When questioned about management of chronic migraine with already known motor symptoms
in all episodes, 62.26% stated that they would perform neuroimaging tests in all episodes,
of which 75% would opt for Tomography as first choice.
DISCUSSION
Headache is a highly prevalent complaint in emergency units[3], being important the presence of general practitioners with good knowledge about
cephalalgia management in this sector.
Evaluation of medical knowledge regarding headache is scarce in literature, with only
few studies addressing this issue, but in different populations, with no focus on
emergency care. However, demographic data presented in this study are similar to previous
findings in terms of gender distribution, reflecting a process of medicine "feminization"[8]. However, an important finding was in relation to prevalence of recently graduates,
who seem to be the most frequent professional profile in these sectors, and may reflect
on provided service quality. Previous studies have shown that more than half of newly
graduated physicians work in emergency care, majoring medical residency or not[9],[10].

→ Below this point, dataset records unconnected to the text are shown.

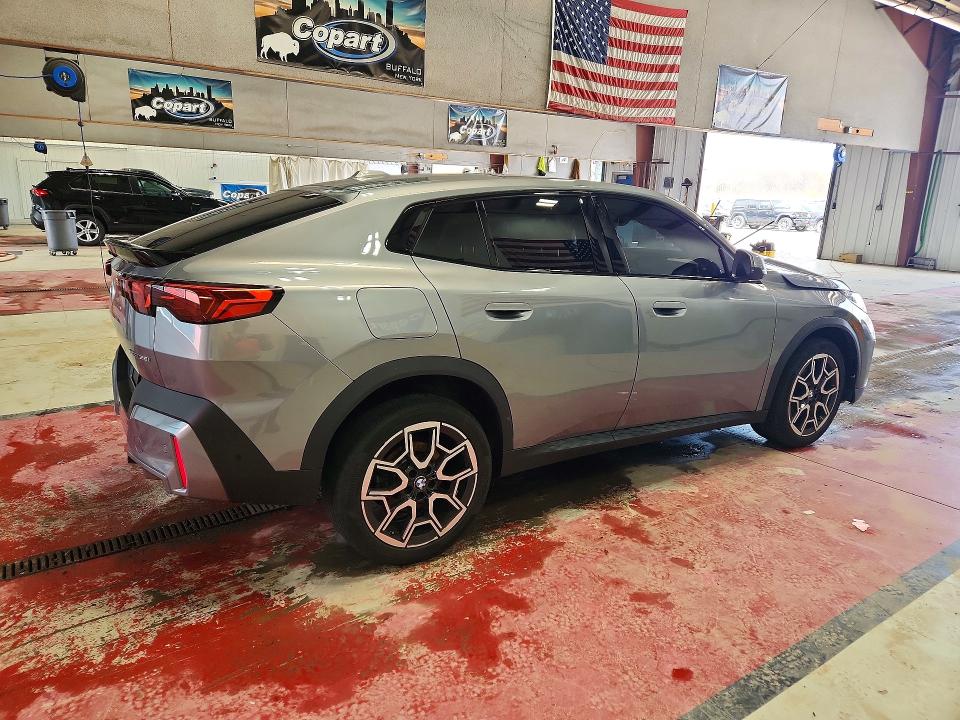 2025 Bmw X2 მანქანა იყიდება აუქციონზე, vin: WBX63GM09S5153179, აუქციონის ნომერი: 49734006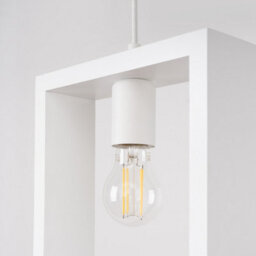 Luminosa Lighting Luminosa Aries Square Pendant Ceiling Light White - thumbnail 9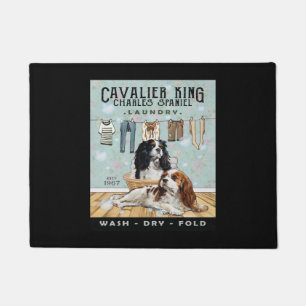 Cavalier King Charles Spaniel Deurmat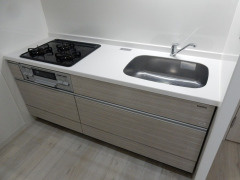 ゲートレジデンス鶴見緑地　横堤小学校区のキッチン|ゲートレジデンス鶴見緑地　キッチン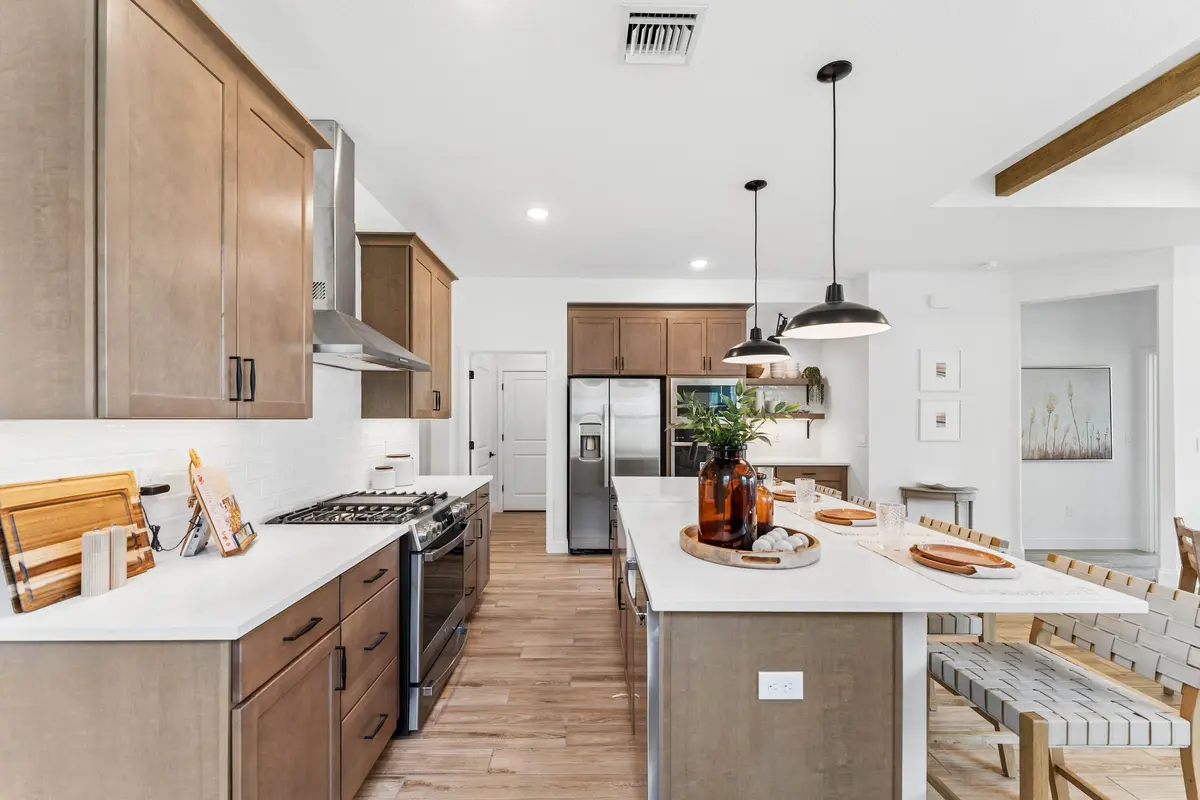 Kitchen at 6204 NW Tuckaway Avenue 172, Port St. Lucie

A possible justification for poor performance can be justified by lack of practice
and clinical experience of newly graduated professionals. Previous studies have shown
that this population is insecure when evaluating more complex clinical cases, which
require specialized medical assistance[11]. In contrast, in our study, both time of service and time since graduation did not
significantly influence the confidence of professionals. A remarkable result is that
those who do not have any specialization and are not majoring residency have shown
to be more confident in neurological patients care. This may be due to a greater contact
with emergencies by these professionals when compared to specialist physicians.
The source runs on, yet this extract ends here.